● Available records:
*** Block opens ***
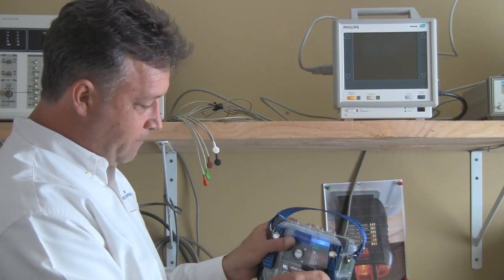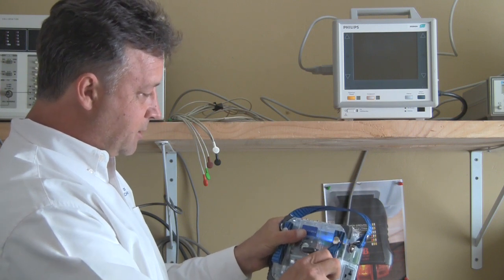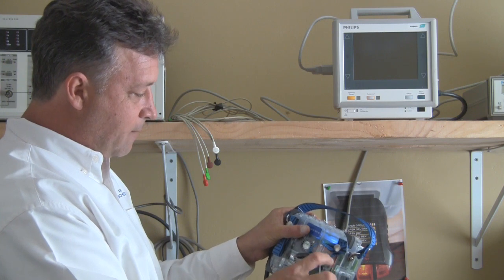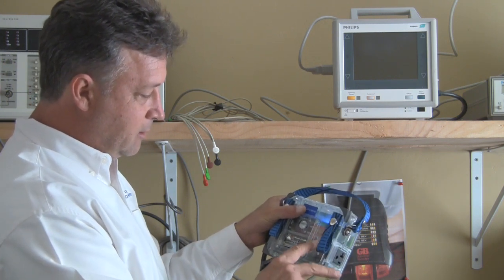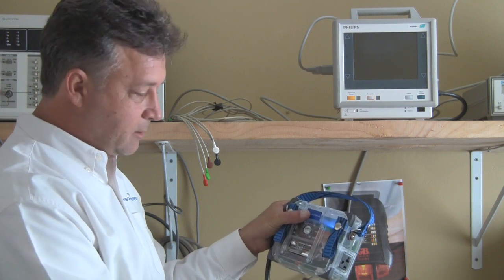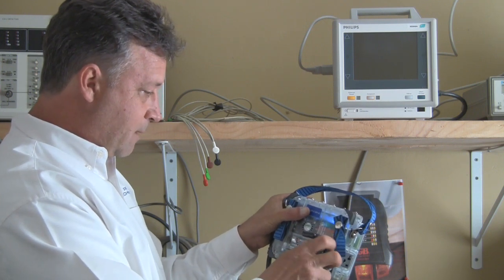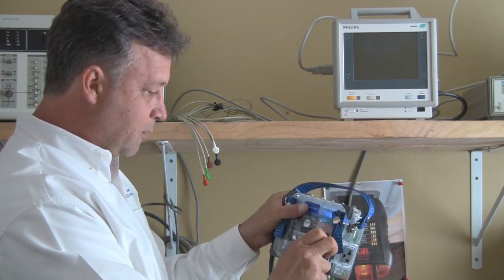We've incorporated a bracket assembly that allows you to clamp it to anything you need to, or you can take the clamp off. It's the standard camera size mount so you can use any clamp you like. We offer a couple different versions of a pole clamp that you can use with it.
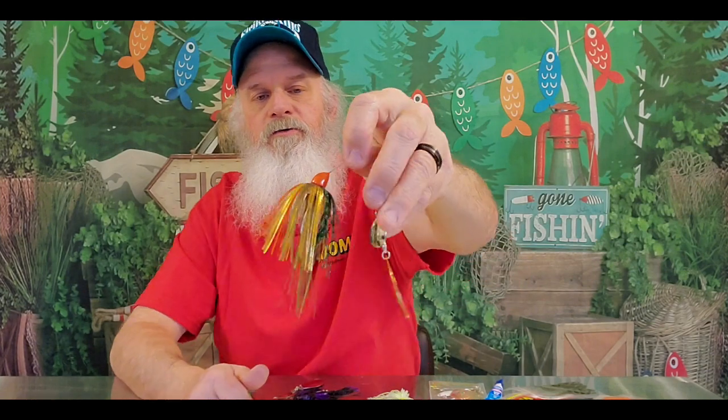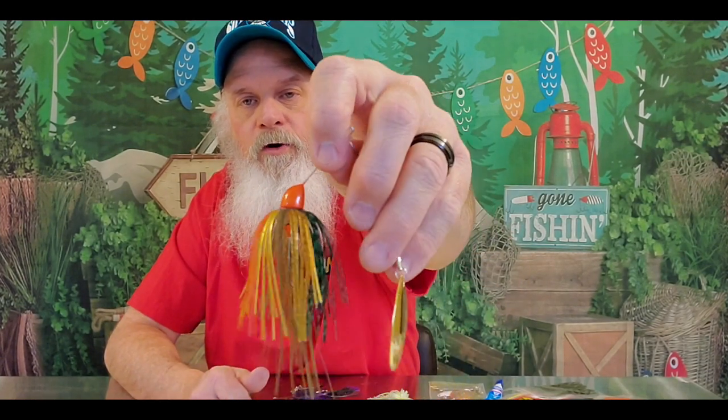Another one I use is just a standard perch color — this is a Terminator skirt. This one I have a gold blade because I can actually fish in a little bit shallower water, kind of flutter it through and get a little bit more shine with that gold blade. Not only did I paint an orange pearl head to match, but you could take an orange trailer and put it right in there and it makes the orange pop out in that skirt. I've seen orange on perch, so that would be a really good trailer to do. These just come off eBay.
*** Block closes ***
*** Block opens ***
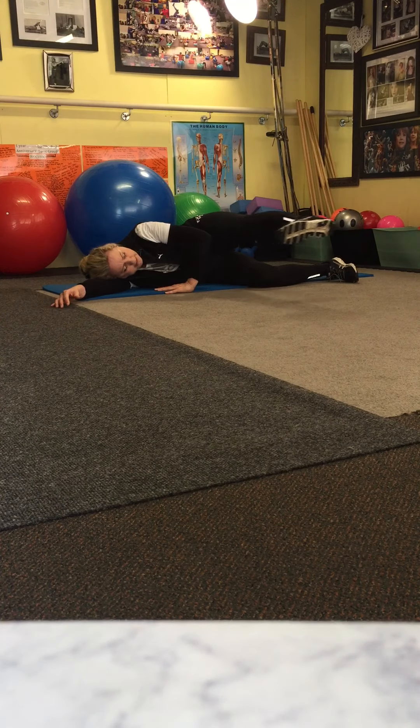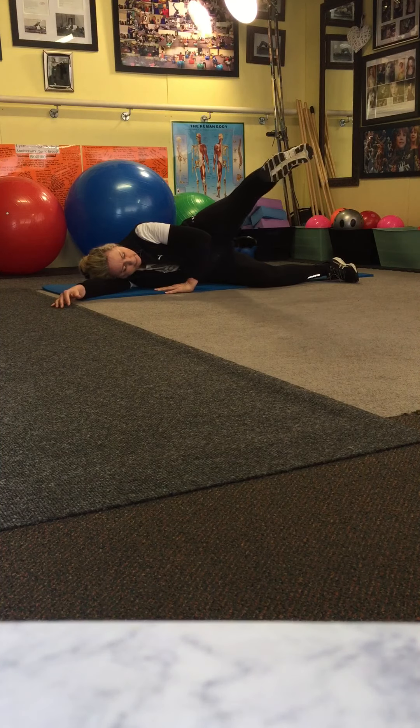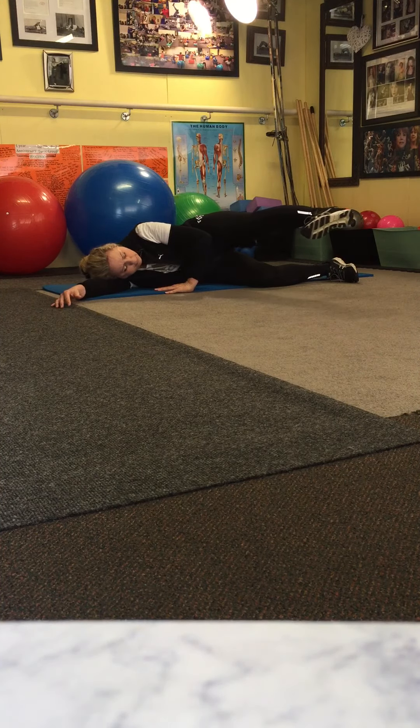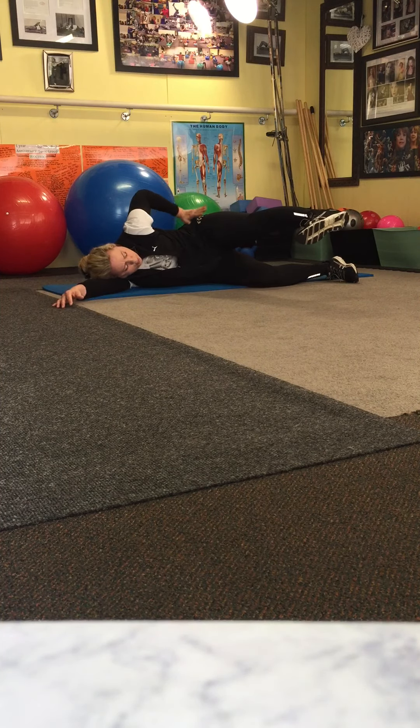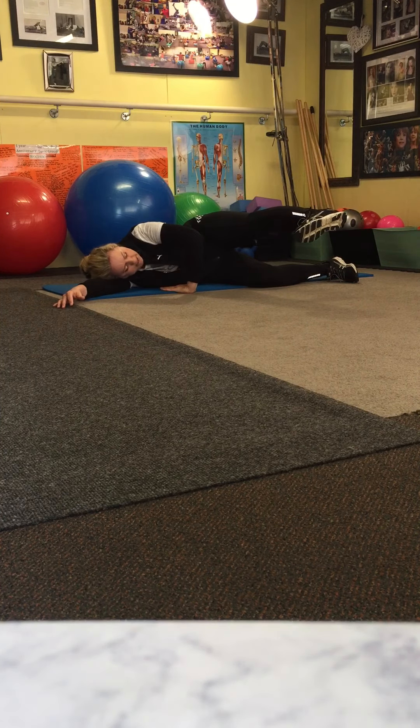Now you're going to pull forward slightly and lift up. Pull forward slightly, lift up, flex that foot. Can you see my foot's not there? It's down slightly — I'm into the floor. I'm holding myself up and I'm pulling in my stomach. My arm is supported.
*** Block closes ***
*** Block opens ***
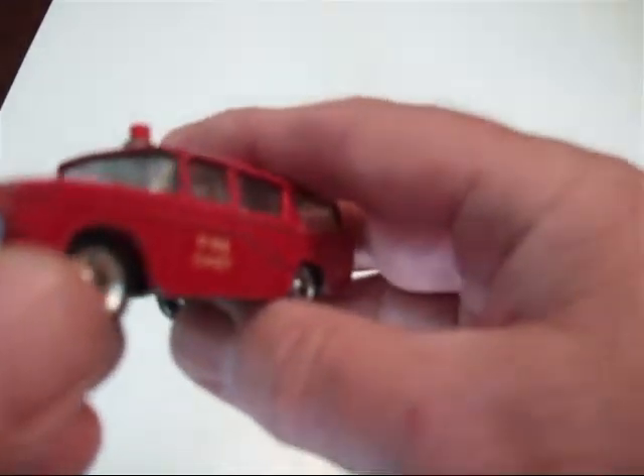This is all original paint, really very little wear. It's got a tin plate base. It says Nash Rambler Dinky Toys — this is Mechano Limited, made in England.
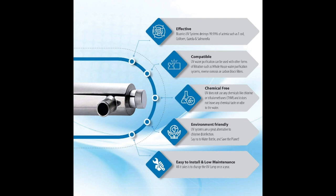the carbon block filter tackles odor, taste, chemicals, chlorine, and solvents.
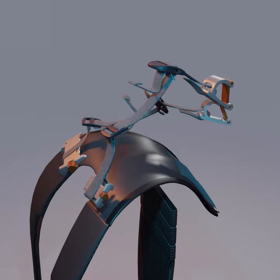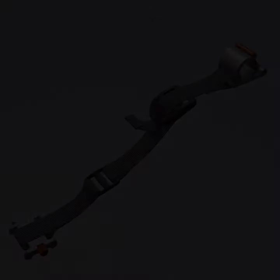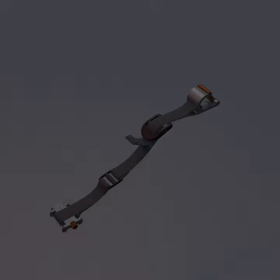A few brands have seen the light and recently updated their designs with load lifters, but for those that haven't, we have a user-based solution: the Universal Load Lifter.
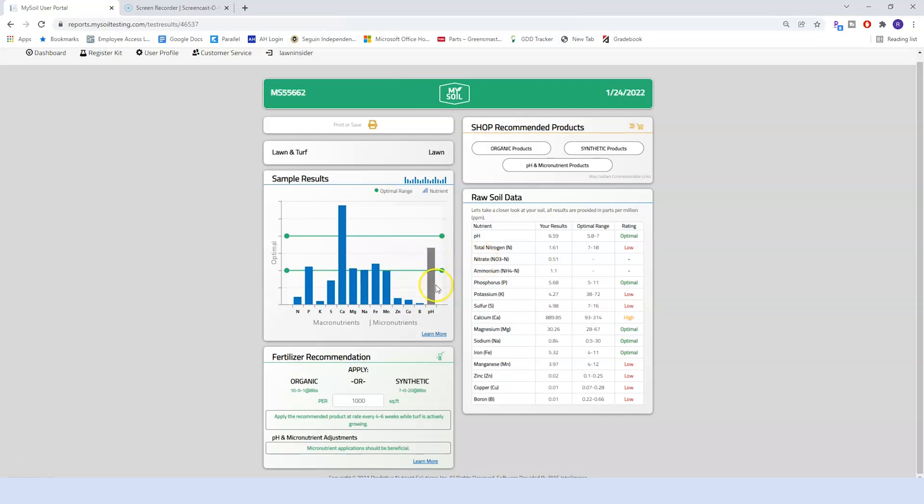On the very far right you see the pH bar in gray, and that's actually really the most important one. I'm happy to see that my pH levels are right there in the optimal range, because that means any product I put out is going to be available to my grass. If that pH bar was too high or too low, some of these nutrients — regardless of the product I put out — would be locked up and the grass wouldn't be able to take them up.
*** Block closes ***
Between and including the line above that contains "This is all" and the line that contains "On the very", restate every line word for word. Pictures stay out.

● Output of the task:
This is all original paint, really very little wear. It's got a tin plate base. It says Nash Rambler Dinky Toys — this is Mechano Limited, made in England.
the carbon block filter tackles odor, taste, chemicals, chlorine, and solvents.
A few brands have seen the light and recently updated their designs with load lifters, but for those that haven't, we have a user-based solution: the Universal Load Lifter.
On the very far right you see the pH bar in gray, and that's actually really the most important one. I'm happy to see that my pH levels are right there in the optimal range, because that means any product I put out is going to be available to my grass. If that pH bar was too high or too low, some of these nutrients — regardless of the product I put out — would be locked up and the grass wouldn't be able to take them up.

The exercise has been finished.